Se votar em Bolsonaro, eleitor tucano pode ajudar a matar seu partido

Enterro da centro-direita pode significar um golpe poderoso nas perspectivas de um Brasil democrático

“Qual de nós quer pertencer ao clube dos países execrados, como Filipinas, Turquia, Venezuela?”, indagou o ex-vice presidente da Fiesp (Federação das Indústrias do Estado de São Paulo) Ricardo Semler no artigo intitulado “Alô, companheiros de elite”, publicado nesta Folha na terça-feira (2). 

“Precisamos de tempo, como nação, para espantar a ignorância e aprendermos a ser estáveis. Não vamos deixar o pavor instruir nossas escolhas. O Brasil é maior do que isso, e as elites podem, ficar também. Confiem”, finalizou o empresário.

Em entrevista ao jornal O Estado de S. Paulo concedida no dia 13/9, o ex-presidente do PSDB Tasso Jereissati já havia reconhecido que o partido cometeu erros memoráveis ao questionar o resultado das eleições de 2014, aderir ao impeachment e se aliar ao governo Temer. Segundo Jereissati, os tucanos abandonaram seus “princípios básicos” e foram “engolidos pela tentação do poder”. 

É mesmo difícil imaginar o PSDB fora do segundo turno das eleições presidenciais deste ano caso a ex-presidente Dilma Rousseff tivesse concluído seu mandato. 

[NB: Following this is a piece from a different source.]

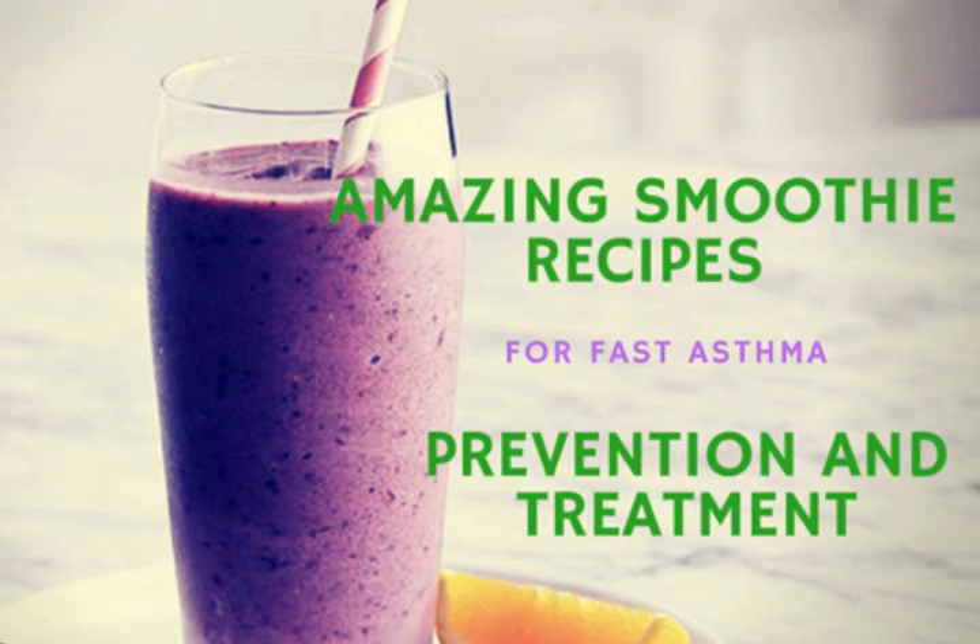Baobab is a rich source of vitamin C. It strengthens the immune system, nourishes the skin, and increases energy levels. Here are the ingredients: one and a half cups of apple juice, one banana, one orange, one tablespoon of baobab powder, one teaspoon of ground flax seed, and half a cup of crushed ice. Put all the ingredients in a blender and process until smooth, or add a bit of water to get your desired consistency.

Mas, se o impeachment já causou muito mais danos ao próprio PSDB do que ao PT, que saiu fortalecido, a adesão em massa do eleitorado antipetista à candidatura de Jair Bolsonaro pode sepultar de vez a centro-direita brasileira e o já frágil equilíbrio político do país.

Se fizer como João Doria e optar por desidratar a candidatura de Geraldo Alckmin já no primeiro turno, o eleitor tucano pode mais uma vez ajudar a matar seu próprio partido, em vez daquele que considera o inimigo. 

Além disso, a instabilidade político-econômica causada por essa escolha parece estar sendo ainda mais subestimada do que a que marcou o pós-impeachment. 

Ao menos por duas vezes na história do século 20, a elite brasileira já se viu com poucas chances de vitória eleitoral e optou por embarcar na aventura de apoiar candidatos carismáticos alojados em partidos nanicos: foi o caso de Jânio Quadros, em 1960, e de Fernando Collor, em 1989.

Eleito pelo pequeno PTN com apoio da UDN e de Carlos Lacerda, Jânio logo perdeu o apoio de ambos, pois agia de forma errática na política externa e na política econômica sem nem sequer consultar a liderança udenista no Congresso. 

Sua renúncia, já em 25 de agosto de 1961, levou o vice João Goulart à Presidência em meio à forte disputa pelo poder e à instabilidade.

Concorrendo pelo PRN, Fernando Collor contou com o apoio do PFL e de todo o espectro político conservador. Antes de sua renúncia, que se deu em 1992 após seu afastamento por um processo de impeachment, a aventura causou ainda mais estragos: além do trauma do confisco da poupança, levou à perda de 920 mil postos de trabalho e deixou a inflação na casa dos 1.200% ao ano.

Não é apenas pela forte incerteza que permeia sua agenda econômica, portanto, que a agência de classificação de risco S&P acerta em considerar muito mais arriscada a eleição de Jair Bolsonaro do que a de Fernando Haddad para o cenário futuro do país. 

A eleição de um aventureiro com viés autoritário e nenhuma capacidade de articulação causaria um sismo de alta intensidade no já debilitado sistema político brasileiro. 

O PT e a esquerda, na oposição, podem até sair fortalecidos mais uma vez em meio ao caos. Mas o enterro da centro-direita pode também significar um golpe poderoso nas perspectivas futuras de um Brasil democrático, inclusivo e com instituições estáveis.